The 1998 and 2004 Bovec-Krn (Slovenia) seismic sequences: aftershock pattern, focal mechanisms and static stress changes

Abstract

SUMMARY We investigate the main seismotectonic aspects of the Bovec-Krn sequences (northwestern Slovenia), caused by the 1998 April 12 MD 5.6 and the 12 July 2004 MD 5.1 earthquakes. The seismicity occurred along an extended right-lateral strike-slip fault zone, trending NW–SE. The analysis involves the aftershock pattern, the focal mechanism of the largest events and the stress changes induced by the 1998 main shock. The study is performed with high-quality earthquake locations obtained with tomographic techniques that provided also velocity images of the fault zone, related to the mechanical properties of the medium and to the geometry of the fault.

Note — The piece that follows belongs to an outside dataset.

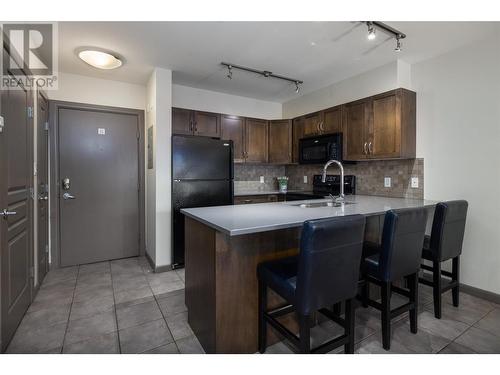 654 Cook Road Unit# 208, Kelowna, BC - Indoor Photo Showing Kitchen With Double Sink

The tomographic model shows in the fault zone sharp lateral P-wave velocity contrasts and marked lateral Vp/Vs variations and images an extended high rigidity body along the fault, where the 1998 and 2004 main shocks are located. The aftershock activity is intense along highly heterogeneous zones characterized by sharp variation of Vp and Vp/Vs values. The spatial distribution of the 1998 aftershocks defines sharp vertical planar features consistent with the orientation of the main strike-slip fault while the 2004 aftershock pattern is quite diffuse. The tomographic images and the spatial distribution of the aftershocks indicate a fault zone characterized by branches. The fault plane solutions of the 1998 and 2004 main shocks show evidence of dextral strike-slip motion concordant with the kinematics of the Bovec-Krn fault. The largest aftershocks of both sequences are characterized by different types of focal mechanisms and variable plane orientation. The different focal mechanisms in the fault zone suggest that the mode of fracture of the largest aftershocks can be influenced by the fault strength heterogeneities imaged by the tomographic inversion. The Coulomb stress changes caused by the 1998 main shock was calculated to explore the stress transfer mechanism and the earthquake interactions. A positive correlation of the Coulomb stress increase is found with the largest aftershock (MD 4.6) and with a part of the aftershocks. Our modelling shows also that the Coulomb stress changes caused by the 1998 main shock and its largest aftershock were not sufficient to trigger the 2004 main shock. The locations of the 1998 and 2004 sequences correlate well with areas of increased Coulomb stress changes when the regional tectonic loading is considered.